2. Contradictions when he held the position of Assistant General Secretary of the Student League of his unit:

· His testimony: September 2001 to September 2002;

· His PIF: elected September 2001

· His Schedule I: October 2000 to October 2002.

3. Contradictions when he held the position of General Secretary of his unit:

· His PIF: He joined the Juba League in November 2002 and became its General Secretary in July 2003 holding that position until he left the country in November 2004;

· His Schedule I: joined the Juba league in November 2002 and remained General Secretary until August 2004.

[6]         The tribunal stated "all these contradictions, for which the Plaintiff could not provide satisfactory answers, indicate to the tribunal that the claimant was not politically active, contrary to what he alleges."

[7]         After citing some decisions of the Federal Court stating the tribunal is entitled to rely on contradictions between point of entry notes (POE) and the later testimony the tribunal wrote "the initial declarations of an asylum-seeker are of greater importance, since they take place before he had the opportunity to fabricate a story to support his claim. Explanations as to the stress or the misunderstanding of questions in immigration forms are not enough to justify major and fundamental discrepancies, as it is the case here."

[8]         The tribunal also focused on the applicant's testimony concerning his detention by the police from April 29, 2004 until May 2, 2004 with other Awami League members as they attempted to join a rally in Dhaka. The tribunal had four exhibits: P-11, P-12 and P-15 which are letters sent in 2005 by the President of the Juba League, the President of the Awami League, Keraniganj Unit, and the President of the Student League concerning the applicant's problems and P-14, a letter originating from a lawyer in Bangladesh who had been asked by the applicant's father to contact the police to investigate why the police were continuing looking for the applicant.

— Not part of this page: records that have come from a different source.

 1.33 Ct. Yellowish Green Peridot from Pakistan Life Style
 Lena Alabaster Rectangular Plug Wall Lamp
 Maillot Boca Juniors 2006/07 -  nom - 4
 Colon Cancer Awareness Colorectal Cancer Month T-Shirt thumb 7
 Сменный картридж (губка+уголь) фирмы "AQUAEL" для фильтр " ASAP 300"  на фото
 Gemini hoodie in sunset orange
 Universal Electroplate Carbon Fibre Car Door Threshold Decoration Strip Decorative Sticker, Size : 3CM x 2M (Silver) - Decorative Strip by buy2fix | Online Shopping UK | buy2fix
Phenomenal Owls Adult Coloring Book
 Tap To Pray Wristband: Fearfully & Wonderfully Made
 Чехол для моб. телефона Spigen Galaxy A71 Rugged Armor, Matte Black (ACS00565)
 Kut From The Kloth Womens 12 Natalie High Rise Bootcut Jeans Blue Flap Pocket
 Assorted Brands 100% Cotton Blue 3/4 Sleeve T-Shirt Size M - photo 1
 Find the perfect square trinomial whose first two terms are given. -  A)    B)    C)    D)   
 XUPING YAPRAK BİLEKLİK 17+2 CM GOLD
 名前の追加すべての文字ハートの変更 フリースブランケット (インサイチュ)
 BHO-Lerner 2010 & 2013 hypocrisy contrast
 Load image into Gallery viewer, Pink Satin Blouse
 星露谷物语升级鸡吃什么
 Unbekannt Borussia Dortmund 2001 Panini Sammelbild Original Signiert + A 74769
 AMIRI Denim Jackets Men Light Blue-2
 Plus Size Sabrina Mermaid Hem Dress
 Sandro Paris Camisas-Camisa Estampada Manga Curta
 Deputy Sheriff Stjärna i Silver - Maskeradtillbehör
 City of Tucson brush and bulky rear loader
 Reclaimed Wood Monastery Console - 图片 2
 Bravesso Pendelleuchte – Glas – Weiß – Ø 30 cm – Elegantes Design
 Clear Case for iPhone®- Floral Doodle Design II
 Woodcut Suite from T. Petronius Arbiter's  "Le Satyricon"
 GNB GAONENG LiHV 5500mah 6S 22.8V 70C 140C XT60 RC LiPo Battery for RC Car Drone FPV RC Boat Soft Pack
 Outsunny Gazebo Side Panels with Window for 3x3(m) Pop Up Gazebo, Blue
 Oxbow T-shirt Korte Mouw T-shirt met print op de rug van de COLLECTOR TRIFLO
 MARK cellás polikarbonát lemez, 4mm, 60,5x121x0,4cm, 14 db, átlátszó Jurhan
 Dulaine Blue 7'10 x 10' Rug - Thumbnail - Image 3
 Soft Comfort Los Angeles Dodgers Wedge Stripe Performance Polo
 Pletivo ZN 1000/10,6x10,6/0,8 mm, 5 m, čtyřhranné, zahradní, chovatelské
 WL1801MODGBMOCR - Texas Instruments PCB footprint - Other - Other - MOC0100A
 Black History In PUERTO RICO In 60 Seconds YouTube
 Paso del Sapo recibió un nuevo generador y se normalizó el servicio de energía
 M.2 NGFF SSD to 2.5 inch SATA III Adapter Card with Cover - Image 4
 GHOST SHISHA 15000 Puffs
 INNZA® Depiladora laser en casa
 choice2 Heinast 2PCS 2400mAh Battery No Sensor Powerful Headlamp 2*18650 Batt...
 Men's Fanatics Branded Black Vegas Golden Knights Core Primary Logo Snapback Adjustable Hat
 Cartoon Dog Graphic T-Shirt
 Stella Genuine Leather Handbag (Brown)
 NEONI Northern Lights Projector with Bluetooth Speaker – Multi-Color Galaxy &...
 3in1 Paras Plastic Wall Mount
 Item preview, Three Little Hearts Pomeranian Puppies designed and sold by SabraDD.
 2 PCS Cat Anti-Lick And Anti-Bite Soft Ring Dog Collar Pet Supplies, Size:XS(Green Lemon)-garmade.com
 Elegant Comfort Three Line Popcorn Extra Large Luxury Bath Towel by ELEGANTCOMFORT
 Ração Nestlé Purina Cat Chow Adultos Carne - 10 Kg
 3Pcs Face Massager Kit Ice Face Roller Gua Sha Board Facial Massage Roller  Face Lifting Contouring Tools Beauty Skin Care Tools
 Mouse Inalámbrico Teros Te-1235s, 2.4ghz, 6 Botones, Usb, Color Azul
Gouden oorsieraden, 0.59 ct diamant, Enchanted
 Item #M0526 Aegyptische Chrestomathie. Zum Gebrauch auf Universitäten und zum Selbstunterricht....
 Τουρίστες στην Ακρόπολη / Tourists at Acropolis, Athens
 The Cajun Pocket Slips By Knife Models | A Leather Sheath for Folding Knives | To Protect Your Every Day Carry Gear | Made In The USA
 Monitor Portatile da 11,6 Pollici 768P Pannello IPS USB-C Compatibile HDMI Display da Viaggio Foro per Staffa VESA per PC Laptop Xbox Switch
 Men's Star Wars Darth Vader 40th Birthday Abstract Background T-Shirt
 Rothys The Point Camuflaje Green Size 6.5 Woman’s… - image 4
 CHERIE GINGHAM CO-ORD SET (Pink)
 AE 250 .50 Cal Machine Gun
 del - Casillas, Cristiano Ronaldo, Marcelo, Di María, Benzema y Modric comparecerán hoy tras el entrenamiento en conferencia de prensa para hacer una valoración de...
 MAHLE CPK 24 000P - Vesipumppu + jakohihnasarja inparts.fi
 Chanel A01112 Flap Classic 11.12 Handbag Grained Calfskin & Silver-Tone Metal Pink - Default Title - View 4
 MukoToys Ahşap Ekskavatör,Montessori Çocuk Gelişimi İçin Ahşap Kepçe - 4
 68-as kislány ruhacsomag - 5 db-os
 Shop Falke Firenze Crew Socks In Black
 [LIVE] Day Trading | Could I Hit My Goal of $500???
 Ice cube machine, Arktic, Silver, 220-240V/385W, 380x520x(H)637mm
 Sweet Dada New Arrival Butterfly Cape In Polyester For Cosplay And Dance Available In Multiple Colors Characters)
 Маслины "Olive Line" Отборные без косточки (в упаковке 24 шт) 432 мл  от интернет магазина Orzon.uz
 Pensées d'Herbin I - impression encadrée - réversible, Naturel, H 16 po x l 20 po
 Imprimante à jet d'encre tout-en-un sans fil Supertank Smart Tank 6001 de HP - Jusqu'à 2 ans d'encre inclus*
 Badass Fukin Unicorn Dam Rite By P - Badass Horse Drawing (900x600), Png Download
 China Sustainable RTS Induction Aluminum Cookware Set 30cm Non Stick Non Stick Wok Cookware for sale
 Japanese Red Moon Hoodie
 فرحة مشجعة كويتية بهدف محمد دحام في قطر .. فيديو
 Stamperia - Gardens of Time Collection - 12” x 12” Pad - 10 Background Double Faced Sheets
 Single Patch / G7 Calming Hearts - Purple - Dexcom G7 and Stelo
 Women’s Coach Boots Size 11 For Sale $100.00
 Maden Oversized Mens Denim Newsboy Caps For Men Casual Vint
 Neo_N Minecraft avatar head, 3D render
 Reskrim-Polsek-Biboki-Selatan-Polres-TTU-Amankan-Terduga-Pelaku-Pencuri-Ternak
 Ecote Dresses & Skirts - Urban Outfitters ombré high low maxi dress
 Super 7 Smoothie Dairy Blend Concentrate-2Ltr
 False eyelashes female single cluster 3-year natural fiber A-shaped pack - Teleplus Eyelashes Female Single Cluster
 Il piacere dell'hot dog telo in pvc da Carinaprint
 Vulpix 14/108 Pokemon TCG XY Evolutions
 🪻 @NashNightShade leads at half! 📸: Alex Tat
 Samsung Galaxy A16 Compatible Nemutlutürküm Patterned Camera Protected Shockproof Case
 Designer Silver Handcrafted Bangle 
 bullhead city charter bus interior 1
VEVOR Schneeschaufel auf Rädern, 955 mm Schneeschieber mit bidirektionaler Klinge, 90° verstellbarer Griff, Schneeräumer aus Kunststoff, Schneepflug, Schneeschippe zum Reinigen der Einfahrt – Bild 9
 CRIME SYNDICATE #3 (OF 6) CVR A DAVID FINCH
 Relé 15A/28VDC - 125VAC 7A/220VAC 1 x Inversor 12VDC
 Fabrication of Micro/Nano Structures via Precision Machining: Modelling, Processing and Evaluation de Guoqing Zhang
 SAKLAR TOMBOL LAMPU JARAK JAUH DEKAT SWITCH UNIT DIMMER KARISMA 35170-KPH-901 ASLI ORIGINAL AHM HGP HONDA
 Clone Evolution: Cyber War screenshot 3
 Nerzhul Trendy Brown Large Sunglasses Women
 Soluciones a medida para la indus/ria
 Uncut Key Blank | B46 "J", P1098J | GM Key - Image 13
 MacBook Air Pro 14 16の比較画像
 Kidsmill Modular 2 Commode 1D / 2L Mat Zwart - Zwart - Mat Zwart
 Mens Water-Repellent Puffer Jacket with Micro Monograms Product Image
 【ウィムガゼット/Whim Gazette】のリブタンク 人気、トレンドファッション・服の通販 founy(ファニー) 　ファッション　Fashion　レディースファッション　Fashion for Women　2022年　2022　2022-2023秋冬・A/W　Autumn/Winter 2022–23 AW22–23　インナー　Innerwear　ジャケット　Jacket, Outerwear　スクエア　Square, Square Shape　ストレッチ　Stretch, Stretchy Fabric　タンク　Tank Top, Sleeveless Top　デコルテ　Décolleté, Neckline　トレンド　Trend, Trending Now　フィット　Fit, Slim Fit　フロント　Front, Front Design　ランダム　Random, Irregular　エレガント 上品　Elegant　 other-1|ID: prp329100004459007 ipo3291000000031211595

[9]         The tribunal said in those letters, there is no reference to a "mass arrest" of Awami League members going to the rally in Dhaka. Moreover, the Awami League letters make no reference to the detention of the applicant and neither does the lawyer's letter.

[10]       On this point, the tribunal concluded:

"Considering that the said detention is a major element of the past persecution and also justifies the fear of future persecution by the police, it is surprising that it is not mentioned in the above documents disclosed by the Plaintiff. We may add that these letters were obtained by the claimant when he was already in Canadathat they were written a few weeks before the hearing and that they are based on the claimant's narrative. The Federal Court has ruled in Hamid that when a claimant is not credible, the Board may not give probative value to the documents he disclosed to support his story. This is the case here. Furthermore, the claimant travelled with a false passport, which proves that he was able to obtain fraudulent documents."[Emphasis mine]

[11]       The tribunal described another facet of the applicant's testimony regarding his arrest in April, 2004. The applicant was asked if before August 27, 2004 he had any problems with the authorities. At first the applicant answered he never had any problem with the police. The tribunal noted "it is only after the Presiding Member repeated the question that the claimant realised he was in trouble. He modified his testimony and justified his previous answer by explaining that before August 27, 2004 he had been arrested by the police, but they had not come to his house. For the above reasons, the tribunal concludes that the claimant was not arrested by the police, contrary to his allegations."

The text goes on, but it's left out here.